Exercise details: Transcribe the records verbatim, images excluded.

Short web captions
++++++++++++++++++++

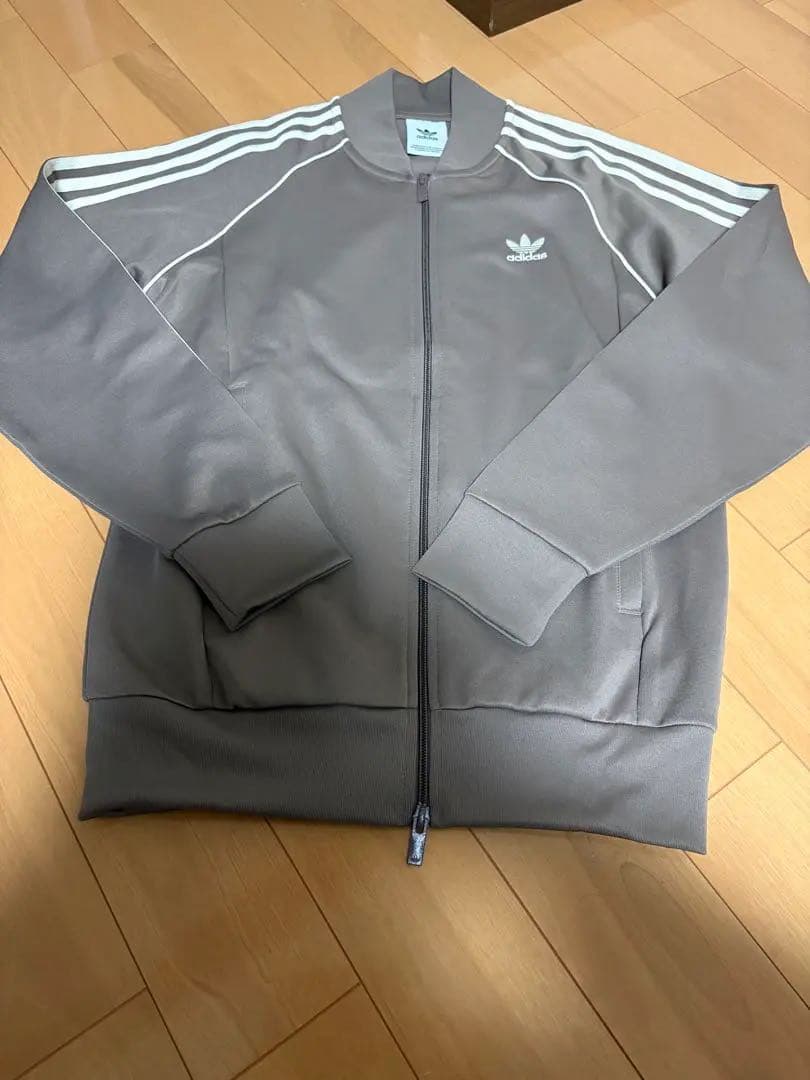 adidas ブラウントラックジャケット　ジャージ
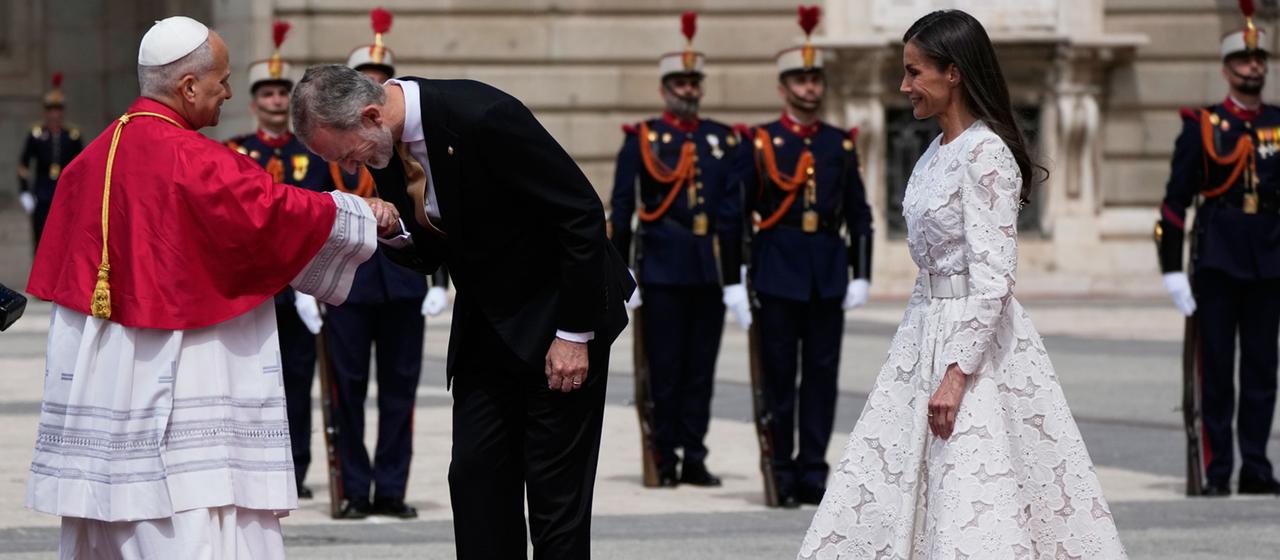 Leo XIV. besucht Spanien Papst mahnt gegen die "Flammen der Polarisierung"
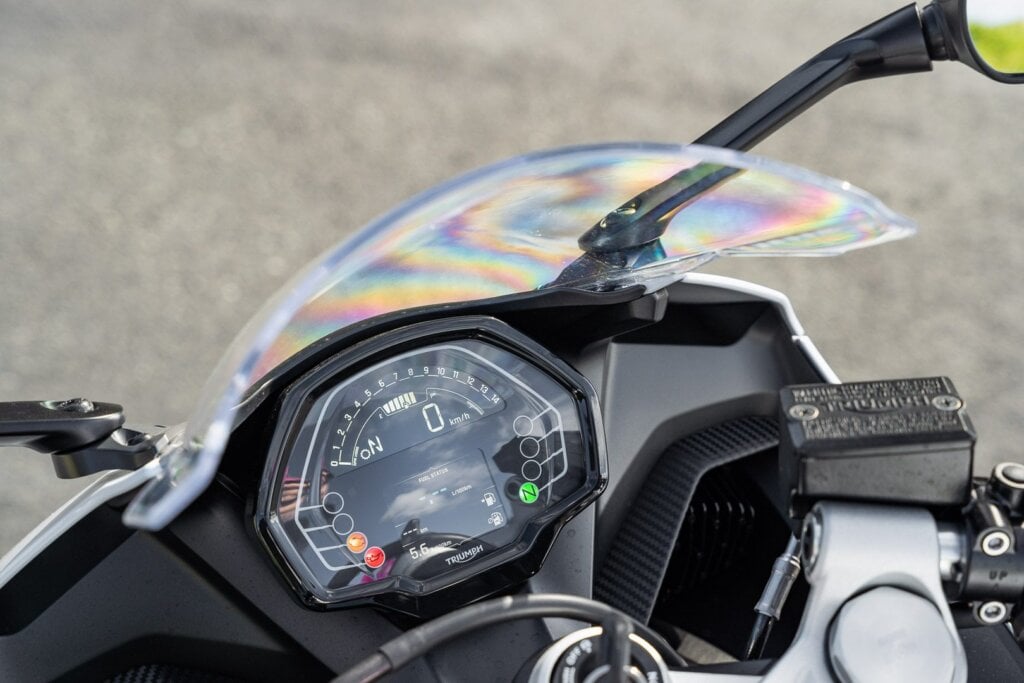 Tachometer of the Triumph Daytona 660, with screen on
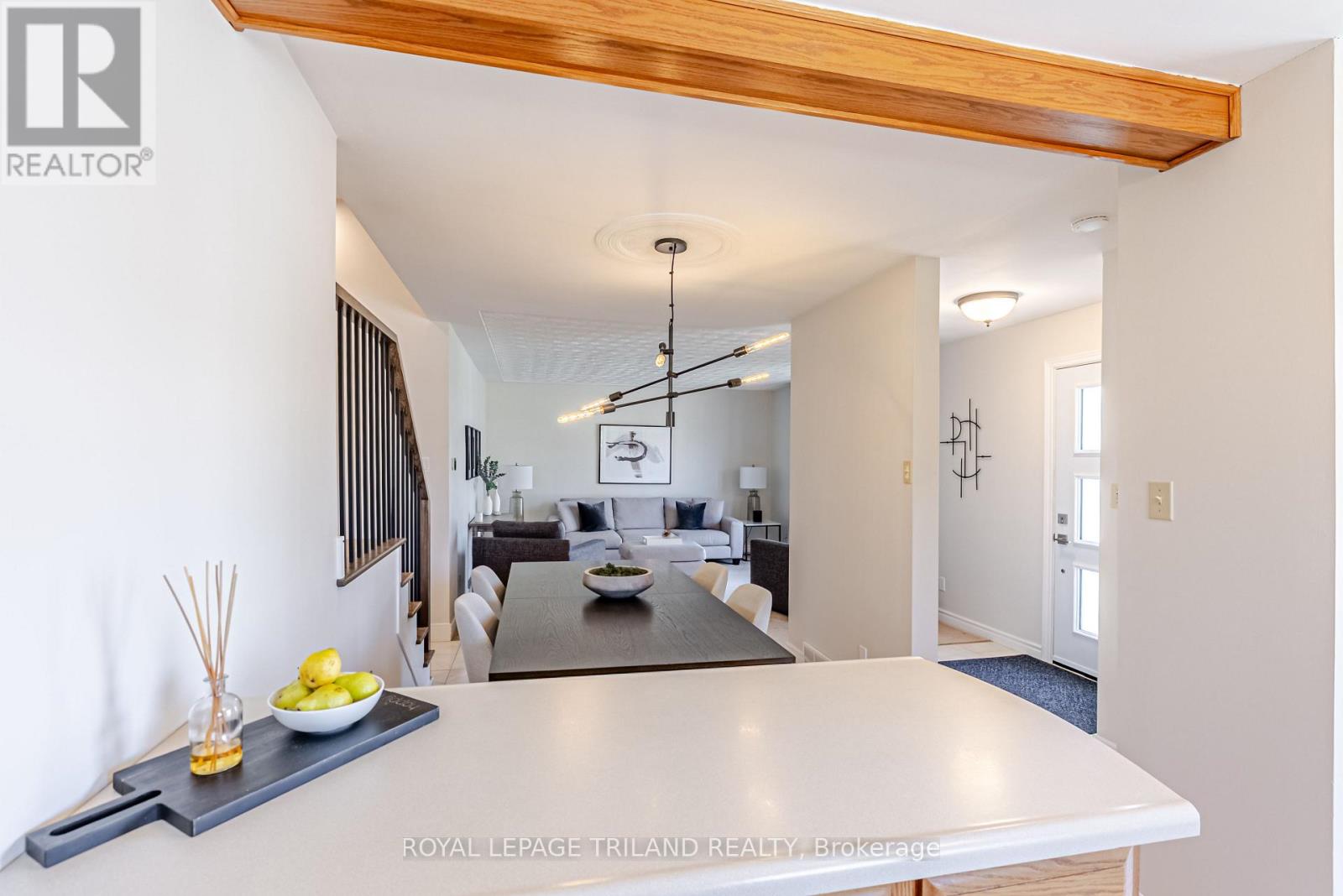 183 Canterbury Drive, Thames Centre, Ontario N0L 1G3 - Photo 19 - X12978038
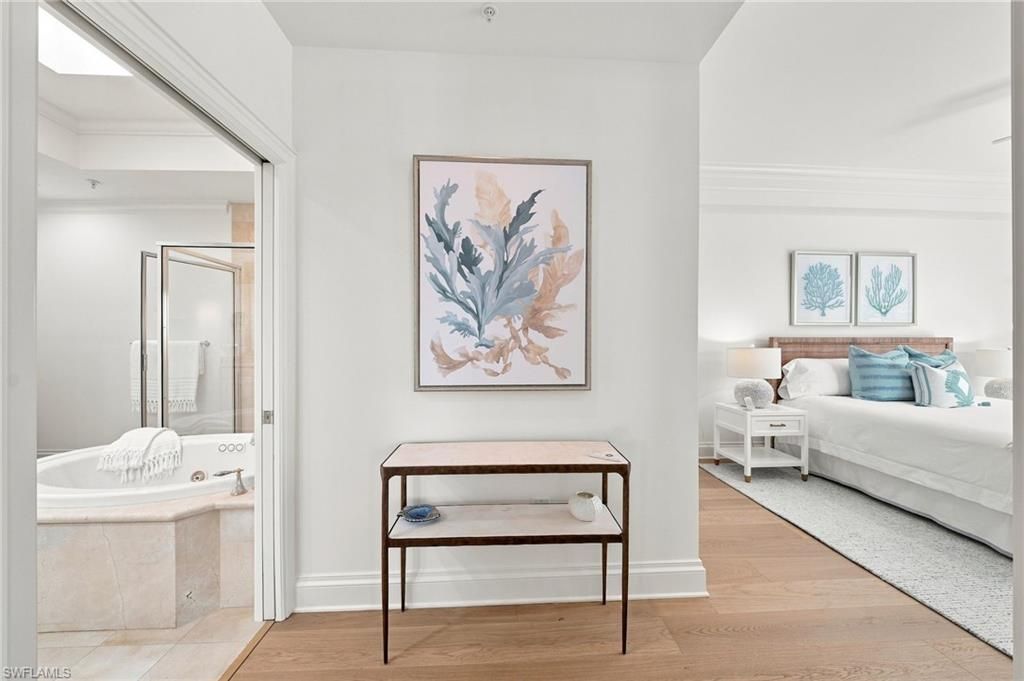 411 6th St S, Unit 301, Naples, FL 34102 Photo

++++++++++++++++++++

Result:
 adidas ブラウントラックジャケット　ジャージ
 Leo XIV. besucht Spanien Papst mahnt gegen die "Flammen der Polarisierung"
 Tachometer of the Triumph Daytona 660, with screen on
 183 Canterbury Drive, Thames Centre, Ontario N0L 1G3 - Photo 19 - X12978038
 411 6th St S, Unit 301, Naples, FL 34102 Photo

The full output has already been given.